The stretch from the line with "Những mẫu hộp" through the line with "Sofá|Hauss Spole Sofá-cama" in the records below: write it out exactly, and nothing else.

## Available data
..........

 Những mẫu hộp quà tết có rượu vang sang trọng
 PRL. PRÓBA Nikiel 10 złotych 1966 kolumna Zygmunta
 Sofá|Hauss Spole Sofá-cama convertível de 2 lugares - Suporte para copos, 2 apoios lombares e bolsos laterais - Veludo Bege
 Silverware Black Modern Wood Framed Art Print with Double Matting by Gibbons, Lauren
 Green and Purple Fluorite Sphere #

..........

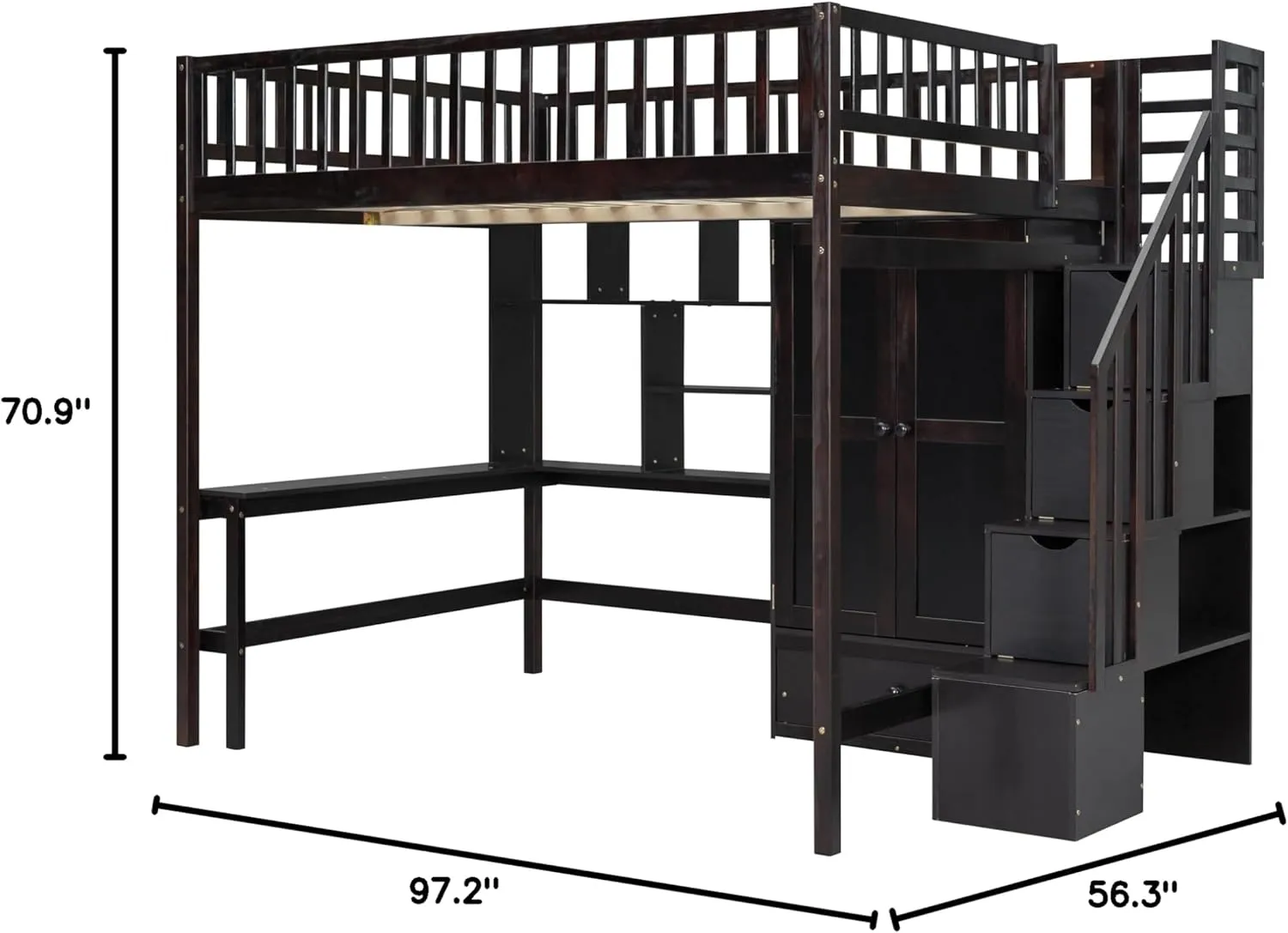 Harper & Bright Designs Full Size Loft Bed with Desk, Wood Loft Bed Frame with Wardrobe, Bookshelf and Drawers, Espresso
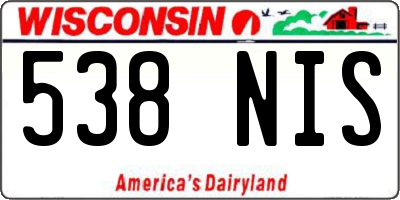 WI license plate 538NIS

..........

## Answer to this problem
 Những mẫu hộp quà tết có rượu vang sang trọng
 PRL. PRÓBA Nikiel 10 złotych 1966 kolumna Zygmunta
 Sofá|Hauss Spole Sofá-cama convertível de 2 lugares - Suporte para copos, 2 apoios lombares e bolsos laterais - Veludo Bege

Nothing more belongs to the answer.